If you list every blade-job ever seen on AEW television, and analyse what benefit it actually had to a wrestler's career, there's a strong argument to be made that the promotion could do with limiting the use of the blade. Joey Janela bladed himself silly in the summer of 2020, and nobody will ever remember.
People still recall an awesome blade job from 1985, and that is because...
10. CM Punk Sells A Pay-Per-View
Per his latest estimate, Dave Meltzer of the Wrestling Observer Newsletter has calculated that Revolution 2022 is "easily" on course to become AEW's second-highest grossing pay-per-view.
It was sold by a plethora of well-built matches. It wasn't a one match show. But if one programme sold fans on it, which achieved a massively impressive conversion of television viewership to paying audience, it was MJF Vs. CM Punk.

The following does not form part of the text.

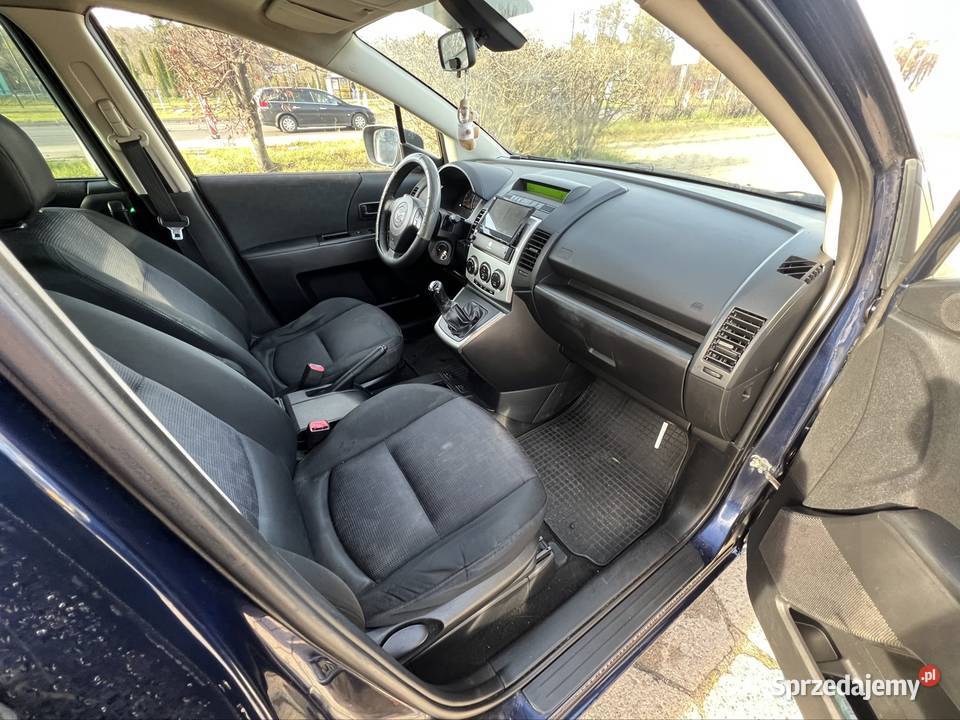 Mazd 5 diesel serwisie 7 osobowy Łódź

Deftly plotted to obscure its stipulation in plain sight, Punk and MJF created a trad wrestling masterpiece between a wisened babyface and the cowardly heel intent on ruining his legacy and subsuming it as his own. The destination was a Dog Collar match, but in an ingenious twist, MJF explored stan culture to exploit the goodness within Punk. Through the lens of a unique, captivating storyline, Punk was a good babyface for falling for the heel's ruse on the go-home Dynamite. MJF folded a superb story beat into a callback - "Old man, I'm a snake" he said, referring to both the original Summer of Punk and Punk's failure to put away Lee Moriarty and QT Marshall quickly. Long-term storytelling works.
MJF and the Pinnacle bloodied Punk, and thick streams of the red stuff cascaded from his face in an awesome - and very, very lucrative - visual.